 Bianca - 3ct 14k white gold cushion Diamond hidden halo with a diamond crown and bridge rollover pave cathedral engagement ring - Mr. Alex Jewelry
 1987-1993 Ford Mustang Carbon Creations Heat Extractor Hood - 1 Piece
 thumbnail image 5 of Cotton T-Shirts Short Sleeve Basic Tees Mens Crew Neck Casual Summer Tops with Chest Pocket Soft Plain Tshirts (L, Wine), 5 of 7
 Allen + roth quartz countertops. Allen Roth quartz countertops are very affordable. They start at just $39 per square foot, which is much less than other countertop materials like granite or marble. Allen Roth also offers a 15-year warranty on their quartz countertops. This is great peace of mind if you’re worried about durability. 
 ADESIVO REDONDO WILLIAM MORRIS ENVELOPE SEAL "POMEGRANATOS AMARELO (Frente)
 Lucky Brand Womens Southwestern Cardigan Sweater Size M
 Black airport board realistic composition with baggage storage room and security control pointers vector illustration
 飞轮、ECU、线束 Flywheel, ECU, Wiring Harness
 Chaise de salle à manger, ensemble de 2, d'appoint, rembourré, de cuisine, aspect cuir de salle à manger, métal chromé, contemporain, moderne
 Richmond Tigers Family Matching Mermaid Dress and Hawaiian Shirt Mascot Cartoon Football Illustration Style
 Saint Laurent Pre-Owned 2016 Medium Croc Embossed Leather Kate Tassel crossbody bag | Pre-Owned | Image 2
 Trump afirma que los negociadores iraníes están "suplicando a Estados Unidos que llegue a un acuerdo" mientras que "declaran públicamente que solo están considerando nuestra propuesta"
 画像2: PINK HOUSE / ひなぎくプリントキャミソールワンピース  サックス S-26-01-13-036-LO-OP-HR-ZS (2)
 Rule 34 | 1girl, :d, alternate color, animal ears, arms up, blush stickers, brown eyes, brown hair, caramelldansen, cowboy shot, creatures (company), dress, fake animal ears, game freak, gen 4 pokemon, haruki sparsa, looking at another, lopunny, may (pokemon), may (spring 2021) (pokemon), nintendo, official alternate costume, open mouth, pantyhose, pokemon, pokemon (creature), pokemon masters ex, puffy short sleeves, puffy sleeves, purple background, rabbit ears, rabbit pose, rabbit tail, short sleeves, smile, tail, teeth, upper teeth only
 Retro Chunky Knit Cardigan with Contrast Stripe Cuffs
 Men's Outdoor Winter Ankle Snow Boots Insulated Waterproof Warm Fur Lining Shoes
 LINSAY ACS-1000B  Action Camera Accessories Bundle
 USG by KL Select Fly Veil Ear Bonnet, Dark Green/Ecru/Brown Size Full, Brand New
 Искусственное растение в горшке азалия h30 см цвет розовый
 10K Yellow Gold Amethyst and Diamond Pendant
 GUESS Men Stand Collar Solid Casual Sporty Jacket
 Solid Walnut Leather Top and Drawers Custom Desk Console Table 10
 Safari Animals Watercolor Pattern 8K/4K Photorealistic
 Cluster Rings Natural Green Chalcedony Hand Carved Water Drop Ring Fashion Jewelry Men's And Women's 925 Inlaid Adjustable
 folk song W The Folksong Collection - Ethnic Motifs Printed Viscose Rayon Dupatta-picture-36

----------

## [Try it]
The word to find is "with". Copy every line of the records that holds it.

## [Task output]
 Bianca - 3ct 14k white gold cushion Diamond hidden halo with a diamond crown and bridge rollover pave cathedral engagement ring - Mr. Alex Jewelry
 thumbnail image 5 of Cotton T-Shirts Short Sleeve Basic Tees Mens Crew Neck Casual Summer Tops with Chest Pocket Soft Plain Tshirts (L, Wine), 5 of 7
 Black airport board realistic composition with baggage storage room and security control pointers vector illustration
 Retro Chunky Knit Cardigan with Contrast Stripe Cuffs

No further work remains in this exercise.